The piece had been written while he was on holiday in France . . he claims to have had no idea of the indignation until he returned home. (And the thought of Brolly breezily denouncing Kerry’s favourite son from some chateau must have been even more galling to Kerry fans).
He explained his comment on television and tried to put it in context – that he believed Cooper was one of the all-time great footballers but was suggesting Kerry won so many games on auto-pilot that there was a question mark over how they responded – individually and collectively – to teams with limitless will and self-belief. His fundamental point was lost in the outcry: he had referred to one of the most revered footballers in Ireland as “choking” and that is all that anyone heard.
On the day of the All-Ireland quarter-final between Donegal and Kerry, Brolly happened to be heading into the stadium just as a crowd of hundreds of Kerry fans had gathered outside. A chant went up – “Gooch! Gooch!
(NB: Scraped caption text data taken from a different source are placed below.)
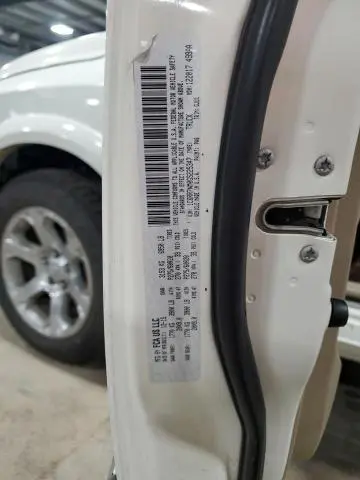 2016 RAM 1500 LARAMIE  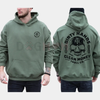 Dirty Hands Clean Money Hoodie – Hard Work Ethic Statement Pullover by Dog Mom Hat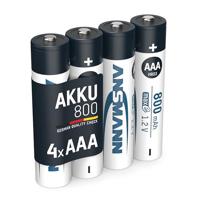Ansmann maxE AAA 800mAh 4x - thumbnail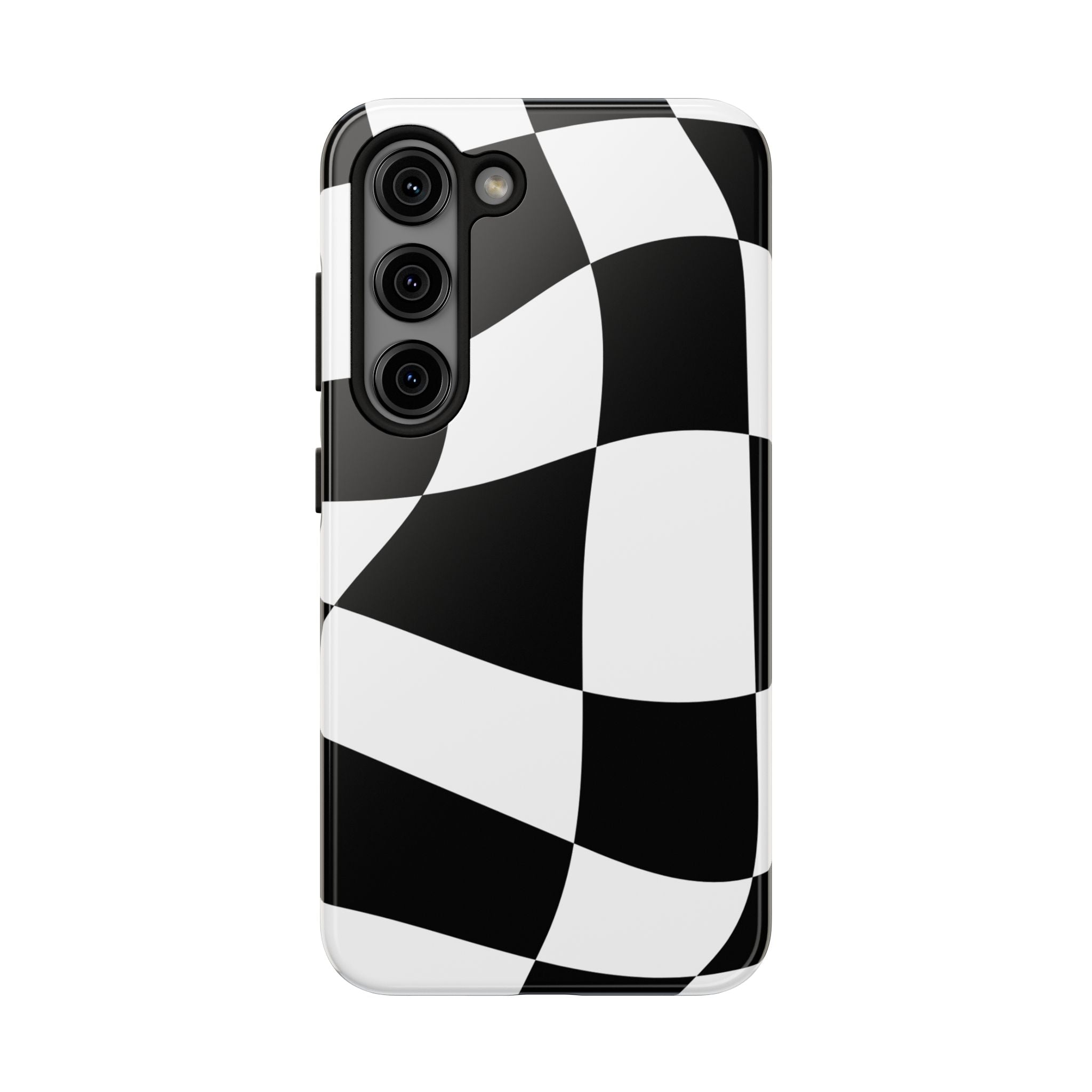 Smile and Wave | High-Contrast Baby-Inspired Phone Case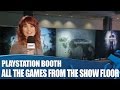 PlayStation Booth Tour: All The Games From The Show Floor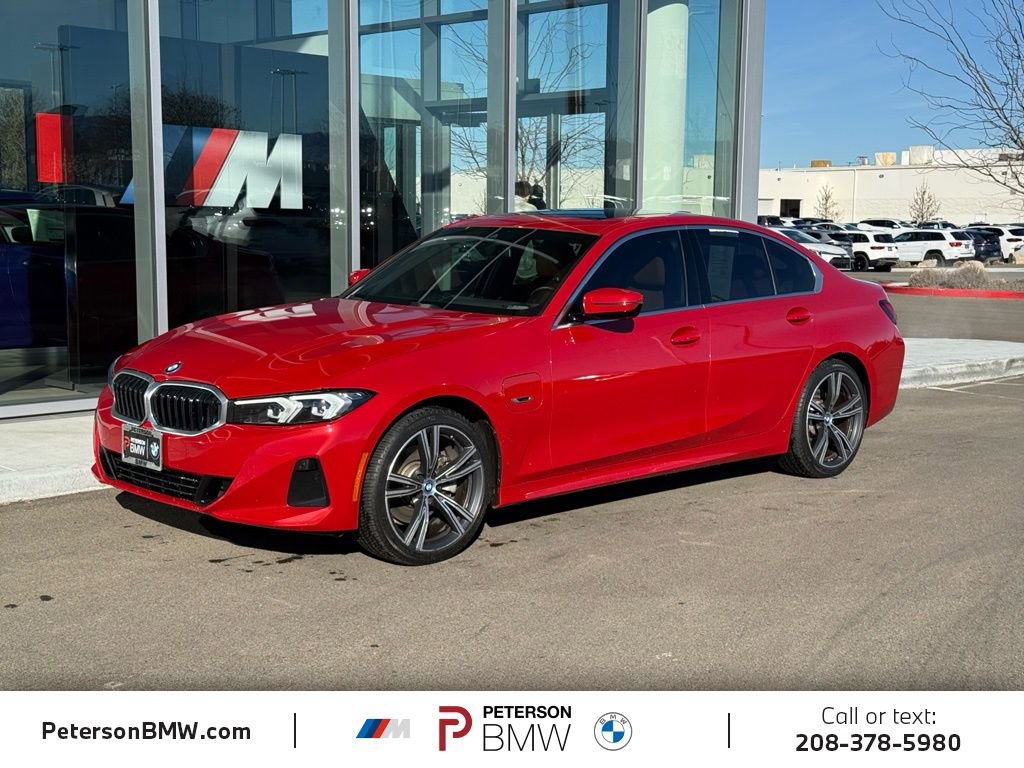 Used 2023 BMW 330e xDrive w/ Premium Package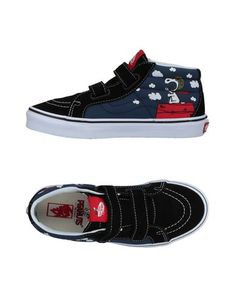 Высокие кеды и кроссовки Vans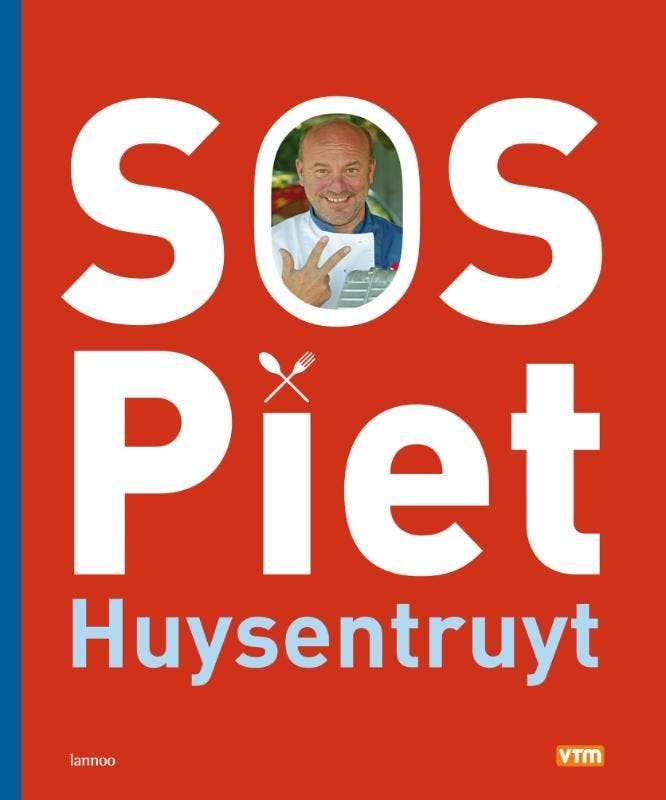 SOS Piet 1 9789020974553 Piet Huysentruyt, Boeken, Kookboeken, Zo goed als nieuw, Verzenden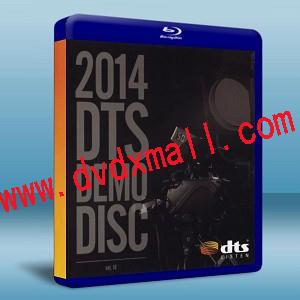 2014 DTS 藍光測試碟 2014 DTS DEMO DISC -藍光影片25G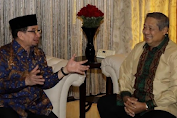 Ungkap Percakapan Elite dengan SBY di Cikeas, PKS Legowo Anies-AHY?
Gooch!” and eventually Brolly held an arm aloft to speak and when the group fell silent, he suggested they all meet back at the very spot at 5.15. Donegal won – in keeping with Brolly’s June prophesy that they would prove unstoppable in the All-Ireland – and he was back on the footpath at the appointed hour. “Funny enough, nobody showed,” he laughs. “My son was beside me saying, ‘Dad, can we please get out of here’. But I wanted to come back in case anyone turned up and wanted to talk chat about it.”
The incident proved one thing: the Sunday Game panel has a rapt court.
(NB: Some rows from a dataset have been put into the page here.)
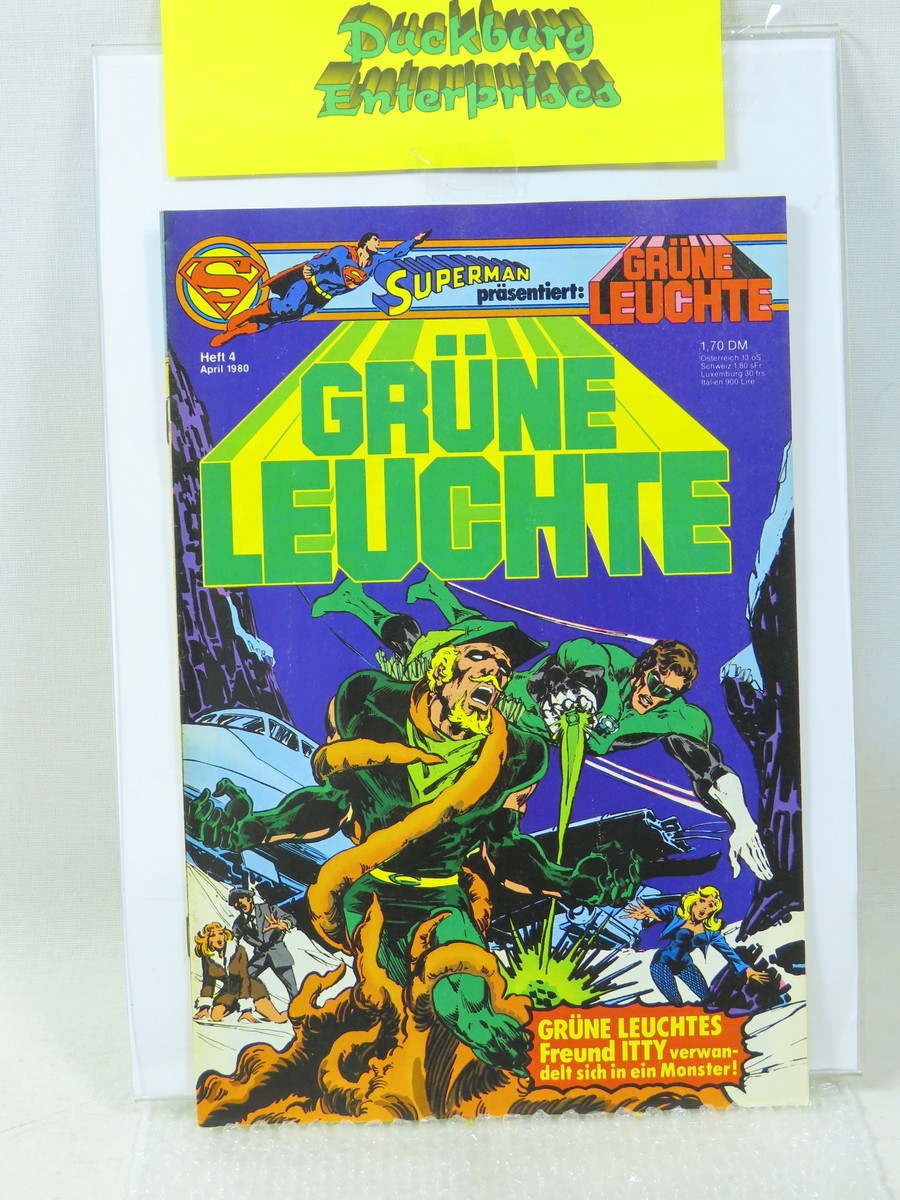 Grüne Leuchte Nr. 1980/ 4 Ehapa im Zustand (1-2 oS). 195091 Grüne Leuchte Nr. 1980/ 4 Ehapa im Zustand (1-2 oS). 195091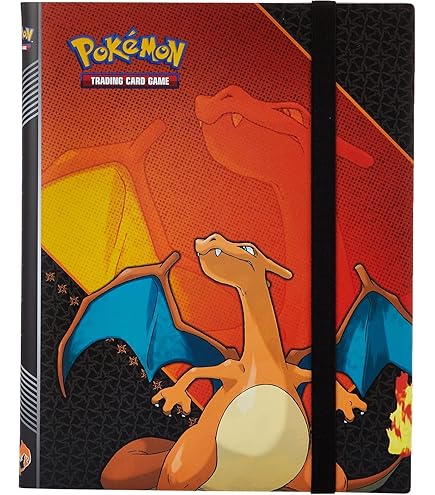 Amazon.com: Ultra Pro 9-Pocket Pokémon Full-View Pro Binder: Poke Ball :  Toys & Games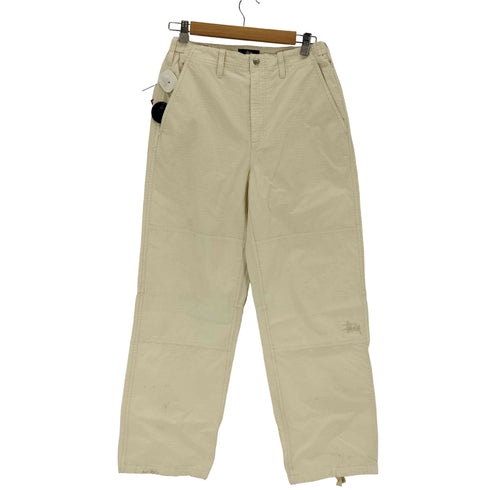 ステューシー Stussy リップストップダブルニーパンツ レディース 28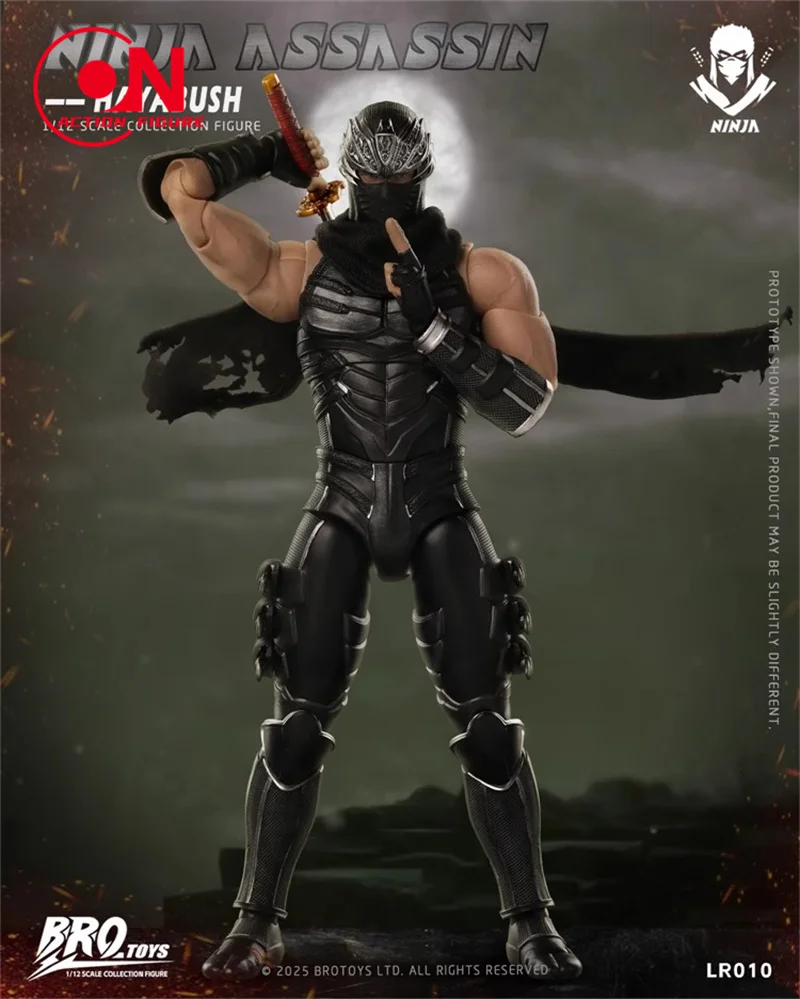 BROTOYS 1/12 LR010 男性兵士忍者アサシン - ファルコン・ハヤブサ トップキラー フルセット 6インチ 17cm アクションフィギュアモデル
While the rugby pundits are famous for their chumminess and the soccer panel have entered the realm of legend, the Sunday Game pundits are listened to with a rare intent across Ireland.
A man stopped Brolly on the street a few months ago. He explained that he was a carer for his wife and that she enjoyed watching the Derry man’s row with Tony Davis. They had it recorded and played it every so often. Just for the fun of it. “I suppose it has become a part of Irish cultural life and people do get a kick out of it,” he says.
Some of the other Sunday Game team will be on the field for this afternoon’s charity game but Brolly isn’t sufficiently recovered to take part. But he has been inspired by what Alan Kerins has achieved.
“It is all very life-affirming and he is just the right person to be at it. Most of us would throw a few pound in a basket or go to a charity dinner but he has created all of this.”
As for Brolly, he is still getting used to people saying nice things to him. Secretly, he wants to get back to being the class smartass again.
“The halo will fade,” Joe Brolly promises. He’s probably right. He’d be the first to tell you that he’s right about most things.
NB: Ronnie Whelan, Jack O’Shea and Tony Ward are among those taking part in today’s Kerry v Kildare match for the Alan Kerins Project in Croke Park (throw in 4pm). Mick O’Dwyer and Glenn Ryan will manage the sides with commentary from Mícheál Ó Muircheartaigh. All players have raised €1,800 to take part on the event. Spectators are welcome. A special gala dinner will take place tonight in Croke Park, with the intention of raising €100,000.